The Dow Jones Industrial Average fell 39 points, or 0.16%, to 24,748, the S&P 500 gained two points, or 0.08%, to 2,709 and the Nasdaq Composite added 14 points, or 0.19%, to 7,295.
Trading was choppy, with the Dow swinging between positive and negative territory while the S&P 500 gave up most of its gains in the last few minutes of trading.
The Federal Reserve's "beige book" survey released Wednesday reported "modest to moderate" economic growth in the 12 Federal Reserve districts over the past six weeks and a generally upbeat outlook.
Higher oil prices boosted energy shares while transport stocks such as CSX Corp helped the industrial sector. But IBM’s 7.5% decline was the biggest drag on the S&P after the technology company’s quarterly profit margins missed Wall Street targets.
No. 3 US railroad operator CSX jumped 7.8% after topping profit estimates. Also United Continental gained 4.8% and lifted other airline stocks after reporting a better-than-expected quarterly profit.

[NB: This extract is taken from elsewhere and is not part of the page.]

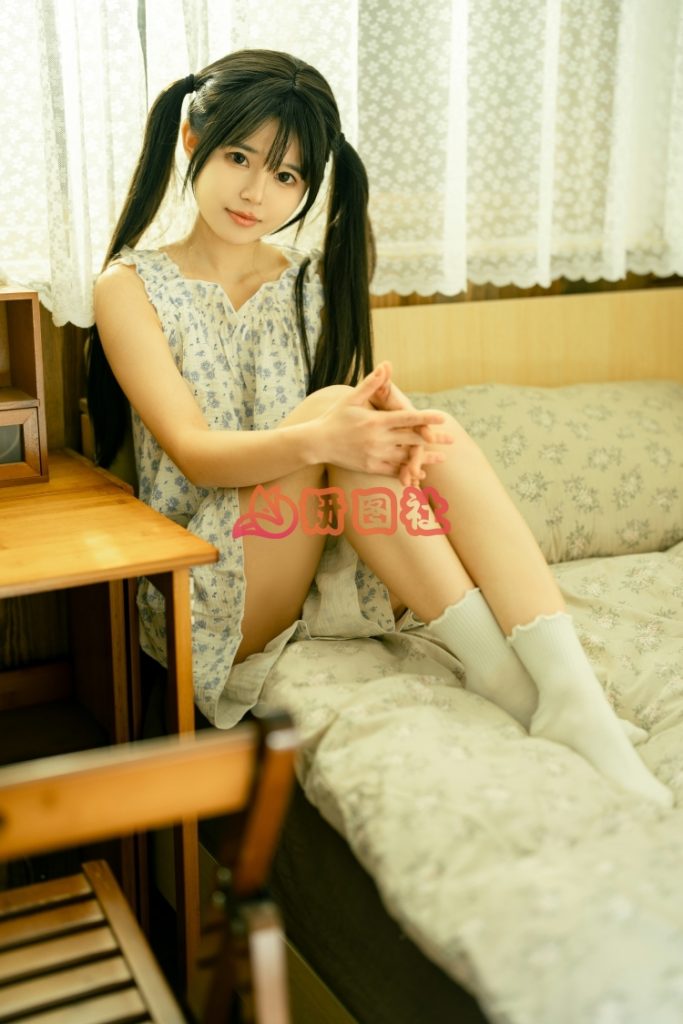 图片[4]-yantu713、rua阮阮 – 全套合集16期[11.1G]-妍图社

Southwest Airlines added 2.8% as investigators probed an emergency landing on a flight Tuesday that led to a fatality.
Oil futures CLc1 rose 2.9% due to a decline in US crude inventories and after sources signalled top exporter Saudi Arabia wants to see crude prices closer to $100 a barrel. The S&P energy sector was up 1.6%.
Dow-member Chevron gained 2.0%, Halliburton 2.4% and Apache 3.6%. Best Buy jumped 3.7% as it unveiled a venture to sell new Amazon "smart" TVs in its stores. Amazon gained 1.6%.
Lam Research fell 4% on analyst concerns about a slowdown in demand for its chip equipment.
In Asia, shares gained modestly on Thursday in morning session after US stocks notched gains in the last session amid improved investor sentiment.
The Nikkei 225 added 0.49% in early trade. Over in Sydney, the S&P/ASX 200 edged higher by 0.6%. In Seoul, the Kospi hovered just around the flat line.
In Greater China, Hong Kong’s Hang Seng Index was up 0.74%, while on the mainland, the Shanghai Composite Index added 0.80%.